In doing so, they’ll be able to achieve much more and deliver a better and more cohesive experience to the public.
The Need for Collaboration
There is no better example of the benefits of a collaborative approach in business and technology than when dealing with the greatest natural threat in Australia: Bushfires.
As noted in this article at Government News, over the course of history, a collaborative, national approach has allowed us to greatly reduce fire risks in cities. The conflagration that destroyed London in 1666 is unlikely to happen again, because society coalesced behind fire-safe construction and now cities don’t burn as easily.
Now, we sit on top of endless pools of data that could help us identify and preemptively address fire threats in the natural world. The Bureau of Meteorology now has a 90% accuracy rating. We have the potential to leverage this data and capabilities to develop AI models and bring “bushfire intelligence” to our management of each summer season.
But these things require great pools of resources, and therefore the potential for waste. If these things are implemented by each state “going it alone,” the duplication of resource expenditure would be monumental, and make efficient collaboration between departments when it is necessary more difficult than it needs to be.
And that’s if there are even enough resources available in the first place for each state to develop its own plan.
The traditional model of each state and department independently developing and implementing its own IT solutions is no longer sustainable. This shift is driven by several factors, including the need to avoid duplication of effort, address skills shortages, and comply with federal mandates. Nearly 70% of IT jobs are in shortage around Australia, and the nation faces a skills challenge not seen in six decades.
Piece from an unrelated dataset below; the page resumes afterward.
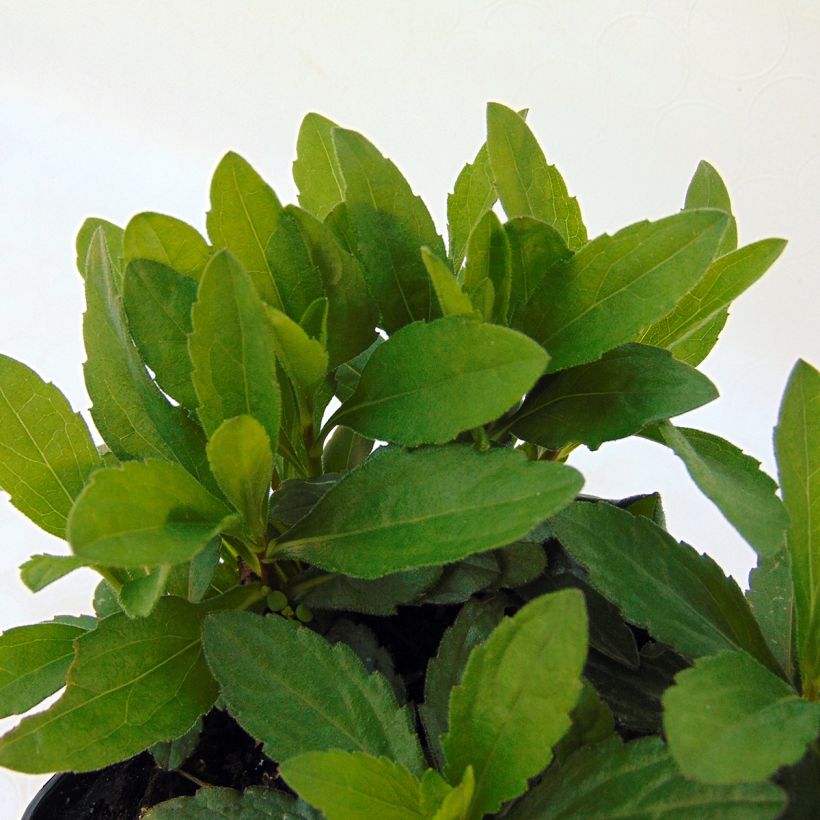 Kalimeris incisa Nana Blue - Zomeraster (Blad)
Many organisations are experiencing an expertise deficiency and competency crisis as they lack the quality and quantity of specialised talent necessary to achieve their business objectives.
If, however, the six states and two territories were to collaborate on resources, and find the right support to bring them together, suddenly these shortages wouldn’t be as biting. Suddenly, it becomes possible to be more adventurous and ambitious when looking at what IT can deliver.
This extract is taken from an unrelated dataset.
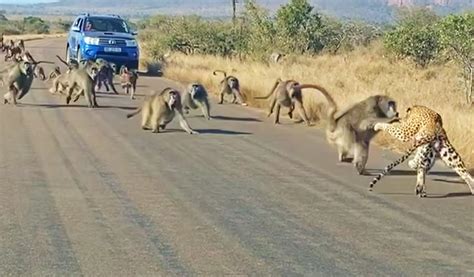 Tourist Captures Once-In-a-Lifetime Leopard vs Baboons Encounter!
Cyber security: The digital “bushfires”
Australia currently has an ambitious vision for cyber security. The “six cyber shields” concept calls for a nationwide approach to cyber security, and impresses the need for more investment, stronger protections, and greater regulation across both the public and private sectors.
And yet, as Associate Professor in the School of Engineering at RMIT University Mark Gregory noted in a column at InnovationAus, Australia is simply not ready for the next wave of cyber crime innovation, and the country “lags international best practice.”
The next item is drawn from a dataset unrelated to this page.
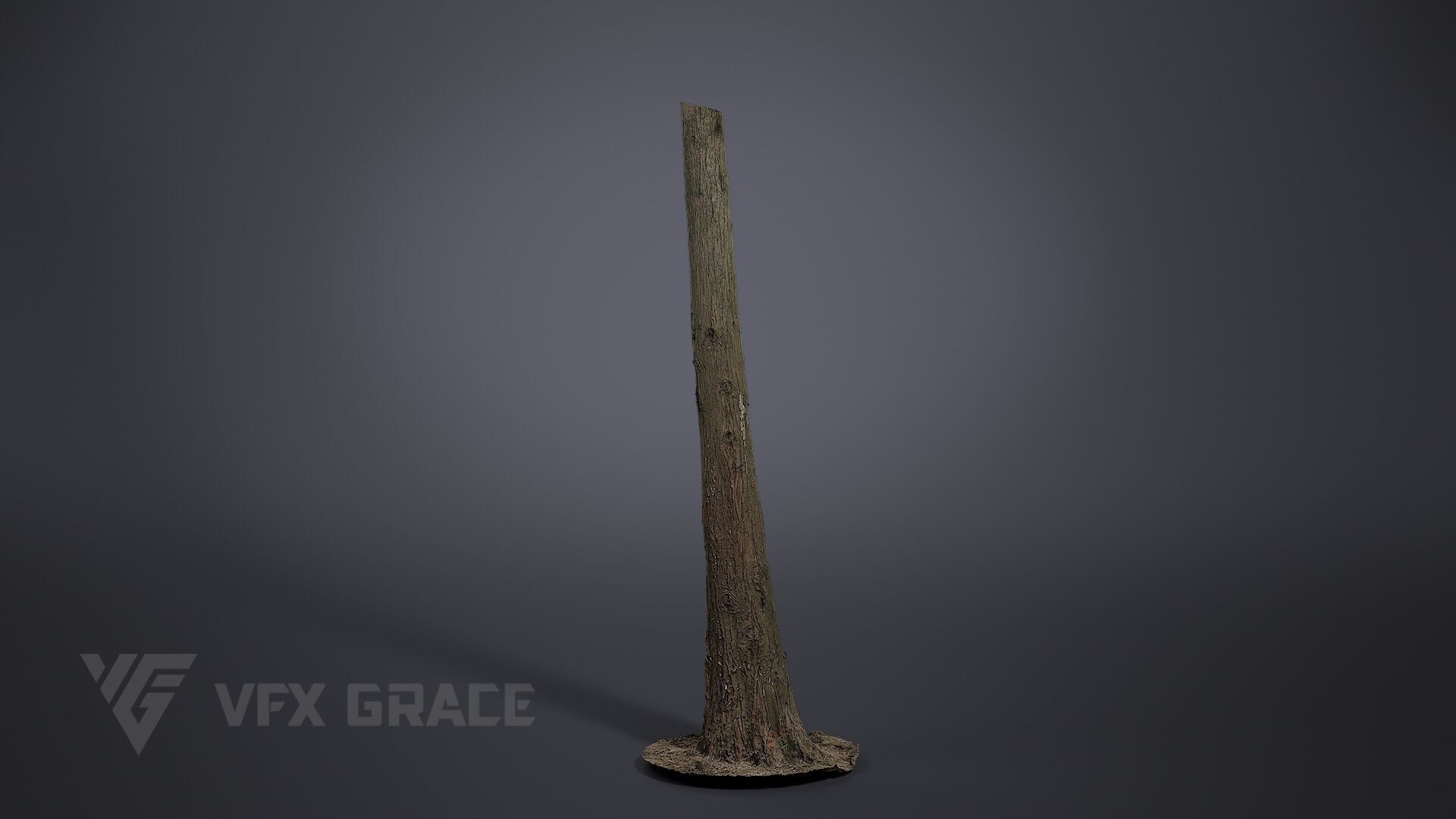 Cryptomeria 3D model_3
Skills is a foundational problem here, too, with cyber skills, in particular, reaching the level of a catastrophic shortage. There are real questions about whether government departments can hoover up enough talent to tackle the ambition of the six cyber shields and, even if they can, where that leaves the private sector.
With the vision, the intent, and the investment, Australia has the potential to become a leader in the fight against cyber crime. What it needs is to find a way to do that efficiently. For six states and two territories to stop trying to reinvent the wheel with limited resources and come together to truly innovate in a collaborative approach.
That’s what Australia’s banks are doing. In a landmark decision back in August, the ACCC allowed banks to share data in a bid to combat the epidemic of scams that are siphoning billions from Australians. For a long time, the ACCC resisted this, concerned about how the data might be used in other ways. However, the weight and cost of scams have accelerated exponentially and so, with heavy guards over how the data can be used, the ACCC has realised that the best approach is to bring the combined resources of the banks to bear.
Collaboration works. Collaboration between both between states and their private sector service providers, means the country can develop standardised IT solutions that better meet the needs of everyone.
That collaboration and standardisation means a better and less time-consuming experience for anyone who needs to work across departments or states. It allows for a bolder vision, and it allows the departments to focus on outcomes, and not wrestling with technology problems.
Ultimately, that’s going to be a better outcome for all Australians.